There are lot of controversial ways to calculate a country's fire power, may be this is the least.


----------



## Battle of Bach Dang River

ahfatzia said:


> Hey, I didn't say it. It was your compatriots who claimed Vietnam can destroy Taiwan easily and yet Taiwan ranks 14th.
> 
> In fact I'm on Vietnam's side. How can my country(41), a small city state, can rank high than Vietnam, a much bigger country. How about Philippines(23)? This survey is BS. Vietnam should rank in the low 30s, Philippines in the 40s and Singapore shouldn't ranked. Don't you think so?



Singapore military power would place higher if its larger troops. On military equipment, Singapore owns the most modern equipment in ASEAN.

We dont query about the ranking. I think that GFP has its scientific basis.



ahfatzia said:


> Being a small city state we have to be a little humble and modesty or else we make too many enemies.



Dont worry, with your mighty army, plus the protection of Uncle Sam, I think no one wants to be an enemy of Singapore.

Usually, bullies often like bullying a weak country and/or no a military umbrella.



kawaraj said:


> surprised no Vietnam which sound quite cocky around the forum.
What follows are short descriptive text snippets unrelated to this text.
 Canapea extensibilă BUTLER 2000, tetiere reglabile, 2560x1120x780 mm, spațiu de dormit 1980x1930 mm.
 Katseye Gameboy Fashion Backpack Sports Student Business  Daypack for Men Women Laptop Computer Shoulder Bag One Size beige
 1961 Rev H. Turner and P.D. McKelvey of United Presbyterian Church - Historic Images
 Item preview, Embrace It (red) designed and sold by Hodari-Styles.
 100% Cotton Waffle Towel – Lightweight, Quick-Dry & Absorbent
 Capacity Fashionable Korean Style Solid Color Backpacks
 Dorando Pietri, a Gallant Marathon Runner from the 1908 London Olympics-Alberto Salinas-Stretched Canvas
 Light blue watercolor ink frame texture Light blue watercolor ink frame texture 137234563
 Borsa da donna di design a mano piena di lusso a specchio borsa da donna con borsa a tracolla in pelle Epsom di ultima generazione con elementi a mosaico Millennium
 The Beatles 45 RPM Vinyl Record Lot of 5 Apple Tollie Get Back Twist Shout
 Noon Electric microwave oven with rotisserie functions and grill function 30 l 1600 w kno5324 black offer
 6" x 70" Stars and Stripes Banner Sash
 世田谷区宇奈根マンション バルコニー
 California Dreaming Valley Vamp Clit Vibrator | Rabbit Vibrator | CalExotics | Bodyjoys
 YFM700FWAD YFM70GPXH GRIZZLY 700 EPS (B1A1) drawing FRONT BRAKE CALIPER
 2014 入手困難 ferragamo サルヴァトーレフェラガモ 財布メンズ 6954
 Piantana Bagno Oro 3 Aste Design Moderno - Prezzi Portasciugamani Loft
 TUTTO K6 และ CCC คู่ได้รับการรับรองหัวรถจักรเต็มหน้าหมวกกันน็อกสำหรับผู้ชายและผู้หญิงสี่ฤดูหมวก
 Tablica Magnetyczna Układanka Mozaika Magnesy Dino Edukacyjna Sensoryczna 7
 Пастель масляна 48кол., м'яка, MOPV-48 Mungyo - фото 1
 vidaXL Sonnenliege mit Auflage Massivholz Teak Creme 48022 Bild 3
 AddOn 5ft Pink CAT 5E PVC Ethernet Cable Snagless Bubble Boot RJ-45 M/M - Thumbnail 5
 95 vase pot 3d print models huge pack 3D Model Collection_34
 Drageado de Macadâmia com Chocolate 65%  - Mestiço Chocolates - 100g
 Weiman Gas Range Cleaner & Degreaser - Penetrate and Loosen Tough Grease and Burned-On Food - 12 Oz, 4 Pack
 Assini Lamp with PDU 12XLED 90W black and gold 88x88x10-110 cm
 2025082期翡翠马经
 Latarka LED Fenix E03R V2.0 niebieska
Not surprised, VN never in the rankings of GFP yet.
Try to win an invader, you will feel it's very great.

Reactions: Like Like:
1


----------



## arp2041

clmeta said:


> Nonsense rankings. The first six are definitely UN security council permanent members and Israel.
> They have ranked India above France and Israel, whereas India mostly imports all its weapons and the makers are ranked below India.
> Unbelievable.






anarchy 99 said:


> India at number 4?
> 
> And the countries it imports weapons from are below them. You cant make this sh*t up.



India deserves the no. 4 place mate, the reason France & Israel are below India b'coz they have a low military power than India, this fact cannot be altered by another fact that India buy weapons from these countries. India also buys weapons from Switzerland, Ukraine or even Brazil, does that mean they are above India in military power, just look at some figures:

India has 750+ fighter jets whereas both France & Israel have around 300.

India has 1.3 million armed personnel whereas both France & Israel have around few lakhs.

India has 2nd largest army, 4th largest air force, 5th largest navy, 100+ nuclear weapons, nuclear capable missiles, large paramilitary force, 10th largest GDP, 8th largest military budget, etc...

So IMO 4th is a proper rank for India though i will not say that it is totally undisputed.

Reactions: Like Like:
3


----------



## illusion8

arp2041 said:


> India deserves the no. 4 place mate, the reason France & Israel are below India b'coz they have a low military power than India, this fact cannot be altered by another fact that India buy weapons from these countries. India also buys weapons from Switzerland, Ukraine or even Brazil, does that mean they are above India in military power, just look at some figures:
> 
> India has 750+ fighter jets whereas both France & Israel have around 300.
> 
> India has 1.3 million armed personnel whereas both France & Israel have around few lakhs.
> 
> India has 2nd largest army, 4th largest air force, 5th largest navy, 100+ nuclear weapons, nuclear capable missiles, large paramilitary force, 10th largest GDP, 8th largest military budget, etc...
> 
> So IMO 4th is a proper rank for India though i will not say that it is totally undisputed.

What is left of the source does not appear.